### Exercise
From the listing below, retype exactly the line holding "Madar Al-Saa Images 0.421199288906824", the line holding "coppia di pneumatici invernali 185/60 r15", and the lines between them; skip everything else.

### Data excerpts
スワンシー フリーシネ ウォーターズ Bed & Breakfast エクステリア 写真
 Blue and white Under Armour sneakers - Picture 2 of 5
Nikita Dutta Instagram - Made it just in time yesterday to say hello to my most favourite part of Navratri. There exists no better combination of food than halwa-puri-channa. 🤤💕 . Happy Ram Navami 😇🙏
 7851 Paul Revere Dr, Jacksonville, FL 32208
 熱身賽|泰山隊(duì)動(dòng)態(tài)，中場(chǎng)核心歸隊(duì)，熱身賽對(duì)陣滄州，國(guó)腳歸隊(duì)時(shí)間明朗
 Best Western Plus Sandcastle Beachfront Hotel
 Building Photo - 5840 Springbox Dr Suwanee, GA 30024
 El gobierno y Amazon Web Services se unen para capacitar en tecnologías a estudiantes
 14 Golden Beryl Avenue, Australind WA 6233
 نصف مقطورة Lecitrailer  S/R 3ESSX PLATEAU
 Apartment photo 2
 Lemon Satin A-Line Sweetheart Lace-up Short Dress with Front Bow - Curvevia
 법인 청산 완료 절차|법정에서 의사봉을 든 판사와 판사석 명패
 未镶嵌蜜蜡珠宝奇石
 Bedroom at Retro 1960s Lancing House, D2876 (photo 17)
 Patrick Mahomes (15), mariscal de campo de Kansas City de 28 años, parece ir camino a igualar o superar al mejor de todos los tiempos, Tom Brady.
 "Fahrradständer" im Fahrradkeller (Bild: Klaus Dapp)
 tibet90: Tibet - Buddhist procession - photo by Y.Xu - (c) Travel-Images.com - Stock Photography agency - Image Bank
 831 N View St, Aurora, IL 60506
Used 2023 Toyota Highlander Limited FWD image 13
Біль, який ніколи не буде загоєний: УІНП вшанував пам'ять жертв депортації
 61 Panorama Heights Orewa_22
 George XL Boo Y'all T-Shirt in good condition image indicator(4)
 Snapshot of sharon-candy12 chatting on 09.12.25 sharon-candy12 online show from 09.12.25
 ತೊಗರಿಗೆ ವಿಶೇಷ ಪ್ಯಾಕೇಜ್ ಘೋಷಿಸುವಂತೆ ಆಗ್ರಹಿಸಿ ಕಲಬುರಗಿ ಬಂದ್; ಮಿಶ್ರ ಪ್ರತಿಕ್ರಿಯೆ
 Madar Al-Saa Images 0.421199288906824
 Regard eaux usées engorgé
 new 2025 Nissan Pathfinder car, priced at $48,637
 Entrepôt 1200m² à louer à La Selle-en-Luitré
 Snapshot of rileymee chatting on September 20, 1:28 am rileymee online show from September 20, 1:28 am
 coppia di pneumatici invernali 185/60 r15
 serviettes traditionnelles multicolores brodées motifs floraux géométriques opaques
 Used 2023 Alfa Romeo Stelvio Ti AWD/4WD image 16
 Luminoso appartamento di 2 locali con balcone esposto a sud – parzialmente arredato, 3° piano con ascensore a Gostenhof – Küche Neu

### Solution to the problem
 Madar Al-Saa Images 0.421199288906824
 Regard eaux usées engorgé
 new 2025 Nissan Pathfinder car, priced at $48,637
 Entrepôt 1200m² à louer à La Selle-en-Luitré
 Snapshot of rileymee chatting on September 20, 1:28 am rileymee online show from September 20, 1:28 am
 coppia di pneumatici invernali 185/60 r15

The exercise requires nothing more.